I had the privilege of attending the AFP (Association of Fundraising Professionals) Think Tank a couple of weeks ago.
It was so cool to be among a group of great thinkers to talk and brainstorm about fundraising topics.
One of the things that came up was the number of people who are entering the profession without a solid understanding of our principles and ethics.
Lots of people take jobs in nonprofit fundraising and assume their sales or other corporate skills will transfer. While an awful lot of things are the same, some are very different.
Skills/concepts that translate:
- Marketing concepts are the same in for-profit as in non-profit. It’s about identifying target audiences, key messages, and consistent communication.
- Good leadership is always appropriate!
- Customer service works very well in the nonprofit. Donors, volunteers, and people in the community enjoy being treated well and sort of expect it from nonprofit organizations.
Skills/concepts that don’t translate:
- Working on commission is considered unethical among professional fundraisers. This is troublesome, because in the for-profit world, it’s a commonly accepted practice. In fundraising, the donor expects 100% of their gift to go directly to the nonprofit to help people. When a commission is given, the nonprofit doesn’t get 100% of the gift.

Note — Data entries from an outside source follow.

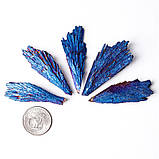 Натуральний камінь Турмалін синій RESTEQ 1 шт. Мінірал Tourmaline 50-70g. Турмалін покритий оксидом титану гальванічним методом, фото 5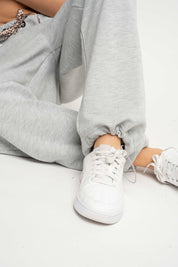 SPODNIE DRESOWE  BAGGY W KOLORZE SZAREGO MELANŻU- PERLE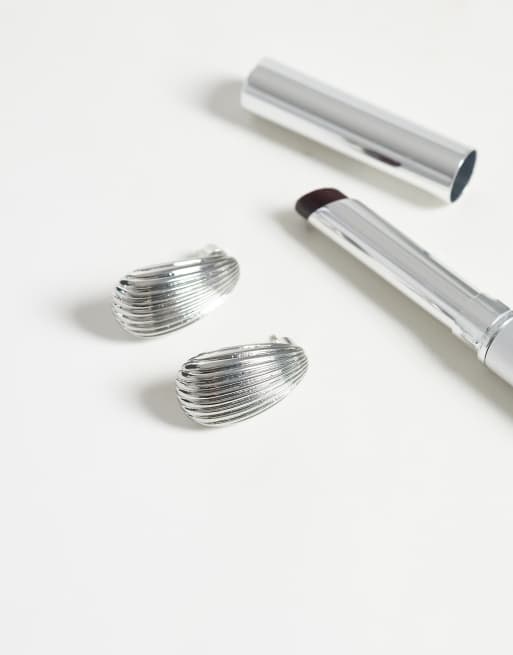 ASOS DESIGN stud earrings with teardrop ridged design in silver tone, 2 of 4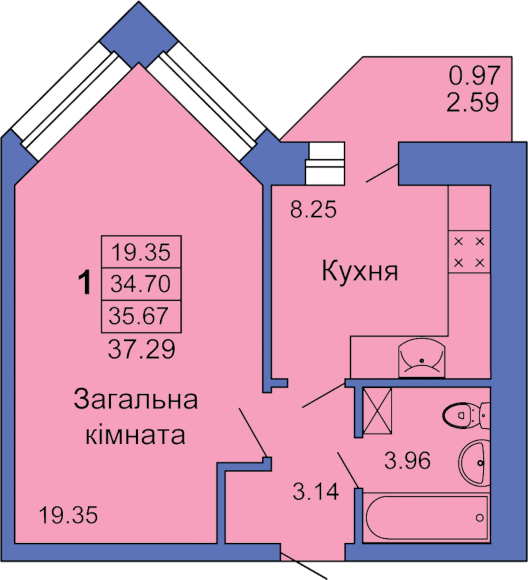 Однокомнатная квартира, 37м² (Полтава, пл. Павленковская, 3в)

- In the for-profit world, it’s all about me, me, me. In the non-profit world, it’s about what’s in the best interest of the organization. In fact, there are times when a fundraising professional needs to step out of a donor relationship so as not to muddy the waters. For example, imagine that a particular Director of Development (DD) builds a very strong relationship with a particular donor, so much so that the donor decides to leave the DD in her will (not the non-profit). This puts the DD in a precarious ethical situation, because they are working to secure resources for the non-profit, not for themselves.
I’m sure there will continue to be many well-intended people who try to apply what they know from the for-profit world to the non-profit one. Somehow, we must find a way to education them about our industry’s ethics so they can be successful in their new jobs.